Первый серьезный удар со стороны тоталитарной «мегамашины культуры» (И.Голомшток) Шостакович получил в 1936 году в связи с постановкой его второй — и последней — оперы «Леди Макбет Мценского уезда» (в инспирированной ЦК ВКП(б) статье газеты «Правда» «Сумбур вместо музыки») — произведения, кстати, по стилю значительно более «спокойного» и более близкого традициям русской оперной классики, чем «Нос», который критиковался впоследствии (уже, так сказать, post factum). В другом политическом контексте это могло бы сойти за курьез или же за проявление партийной шизофрении. Важен, однако, социальный контекст. Зловещий смысл подобных идеологических разносов заключался в том, что в 1936 году уже во весь свой гигантский диапазон работал смертельный маховик репрессий. Уже погибли от голода миллионы крестьян, уже состоялось немало «процессов», пали многие видные головы, и сотни тысяч оказались запертыми в тюрьмах и лагерях. Режим охватил своими стальными клешнями всю страну. Поэтому идеологическая критика означала только одно: либо ты «по ту сторону баррикад», а значит, и по ту сторону бытия, либо ты признаешь «справедливость критики», и тогда тебе даруется жизнь. Разумеется, ценой своего дара, ценой отказа от своего художественного «я» Шостаковичу впервые пришлось совершить подобный мучительный выбор. Он «понял» и «признал» и, более того, дабы не дразнить гусей, снял с премьеры свою 4-ю симфонию.
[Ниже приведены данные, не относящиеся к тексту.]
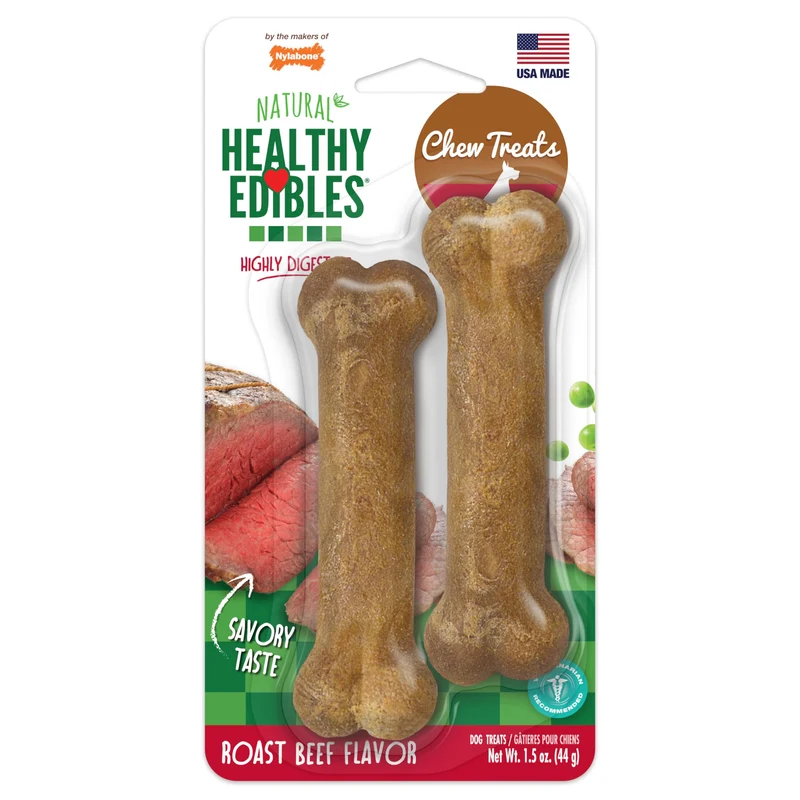Nylabone Healthy Edibles – Os a mastiquer longue duree au boeuf roti pour chiens, XS (2 pieces)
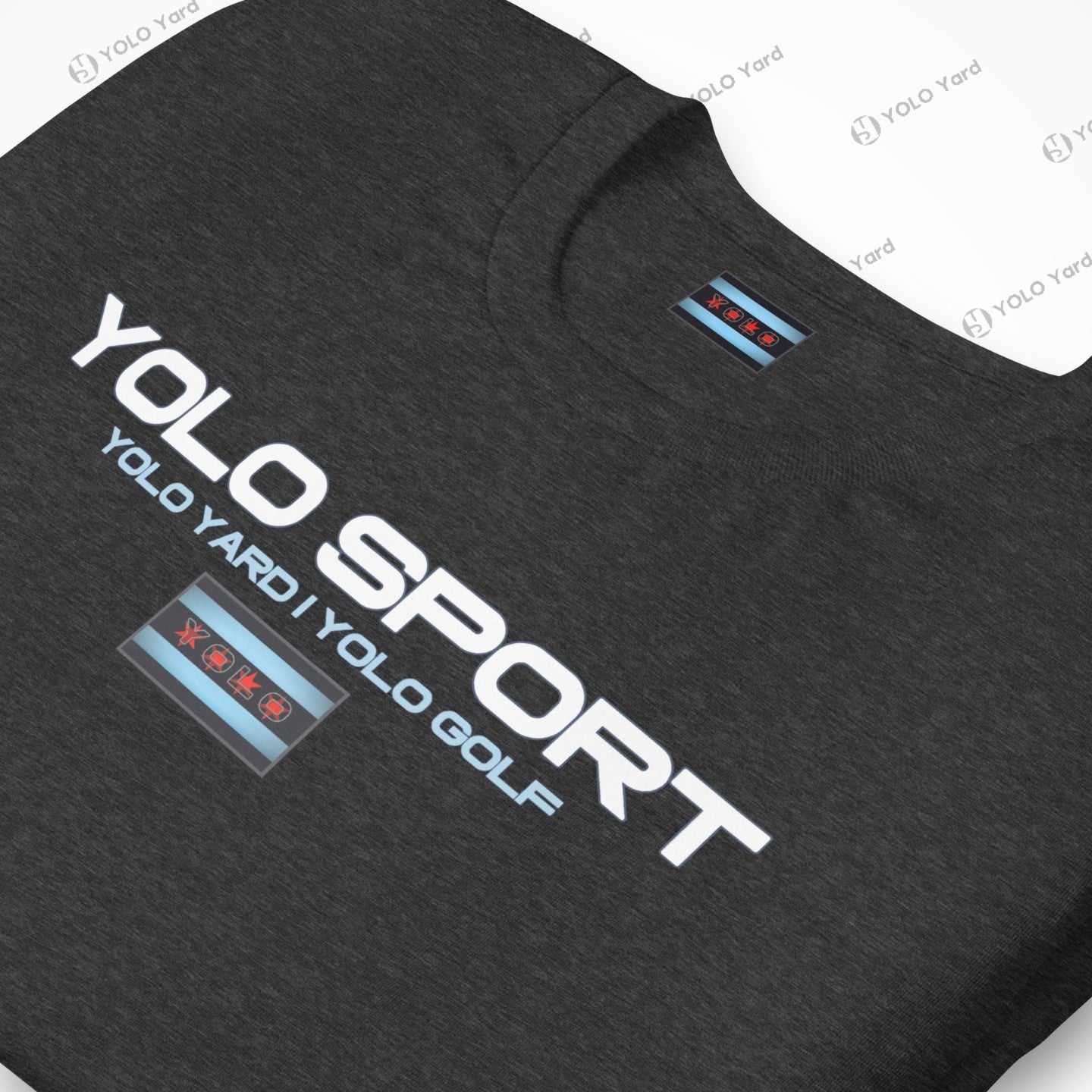 Close-up of a charcoal gray YOLO Sport t-shirt featuring a sleek logo and Chicago flag-inspired design. Lightweight and stylish.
Этим он признал и другое: чистая музыка, которая, казалось, могла бы стать прибежищем его сокровенных идей, таковым, на самом деле, уже не являлась.
Последующие произведения, и прежде всего 5-я и 6-я симфонии, были трактованы официальной пропагандой как акт «осознания», как «исправление». Оснований для этого было немного, и по сути Шостакович оставался самим собой, но лишь по-новому использовал формулу симфонии, камуфлируя истинное содержание. Тем не менее официальная пресса поддержала (да и не могла не поддержать) эти сочинения, ибо в противном случае партии большевиков пришлось бы признать полную несостоятельность своей критики, а на это она пойти не могла. Явно инспирированная статья известного советского писателя Алексея Толстого вознесла 5-ю симфонию на высочайший пьедестал и трактовала ее как сложный и не лишенный борьбы и драматизма путь осознания интеллигентом своего долга перед социалистическим обществом, перед народом. Такой вывод, впрочем, вполне устраивал и композитора, давая некоторую передышку, а следовательно, и возможность творить.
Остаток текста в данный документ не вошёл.